** EXERCISE BRIEF **
Although the records contain pictures, only their text should be repeated, exactly as it stands.
----------------------------------------
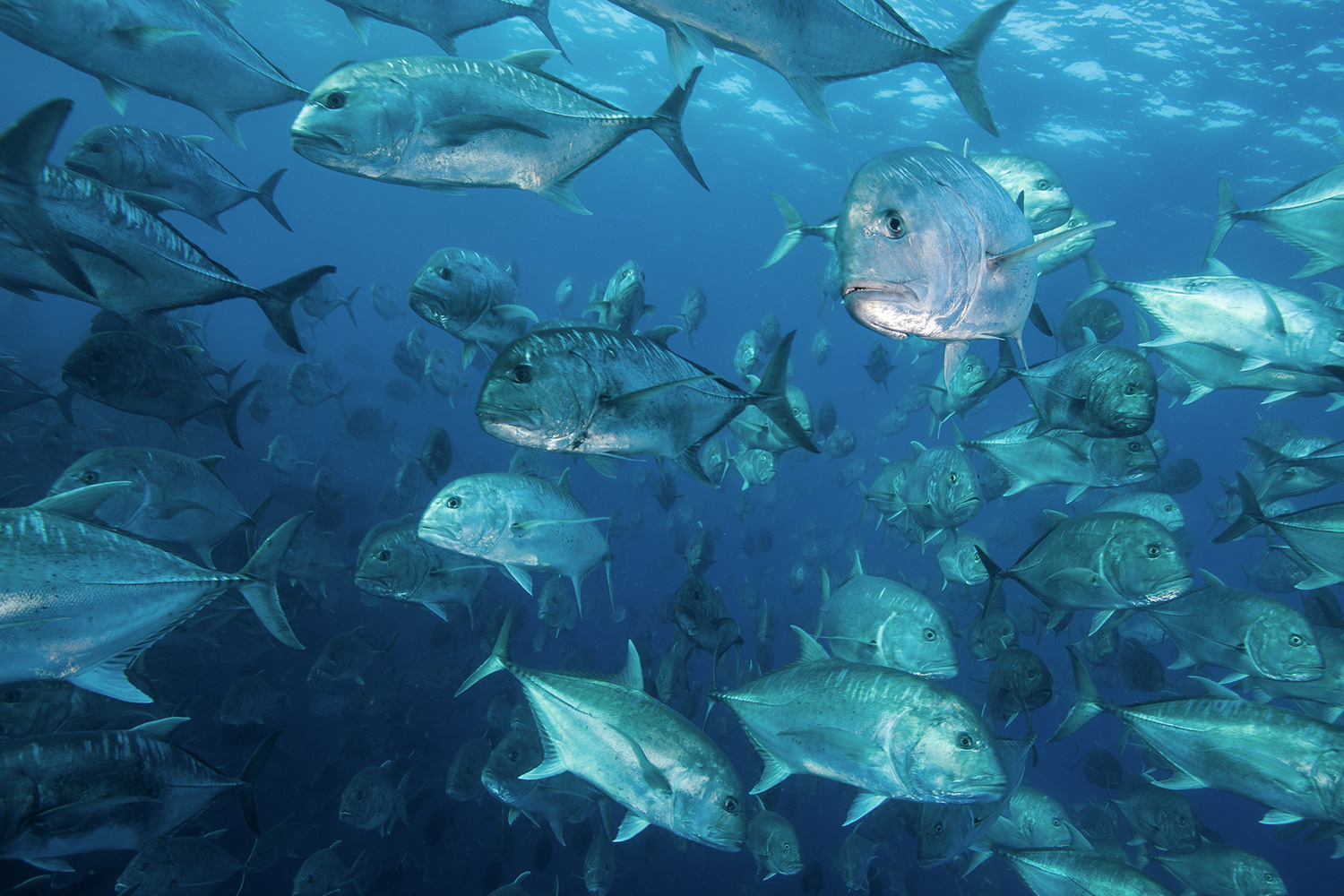 Three years of tracking trevally - what did we find? - Save Our Seas  Foundation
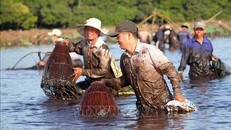 Hội 'phá trằm' ở Quảng Trị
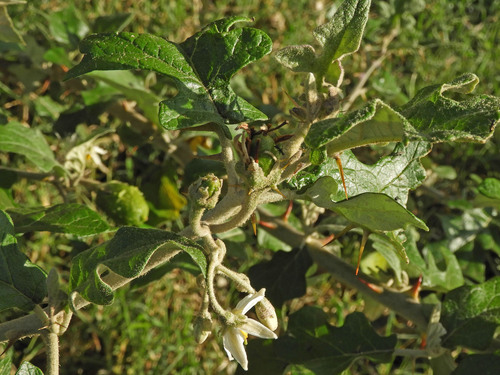 soda-apple nightshade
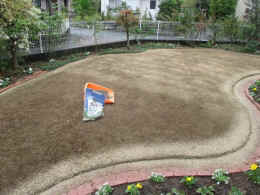 p-sh4204.jpg (75884 バイト)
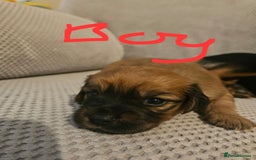 Mixed Breed dogs for sale: Beautiful dachshund/jug x terrier - Image 32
----------------------------------------
** ANSWER SECTION **
 Three years of tracking trevally - what did we find? - Save Our Seas  Foundation
 Hội 'phá trằm' ở Quảng Trị
 soda-apple nightshade
 p-sh4204.jpg (75884 バイト)
 Mixed Breed dogs for sale: Beautiful dachshund/jug x terrier - Image 32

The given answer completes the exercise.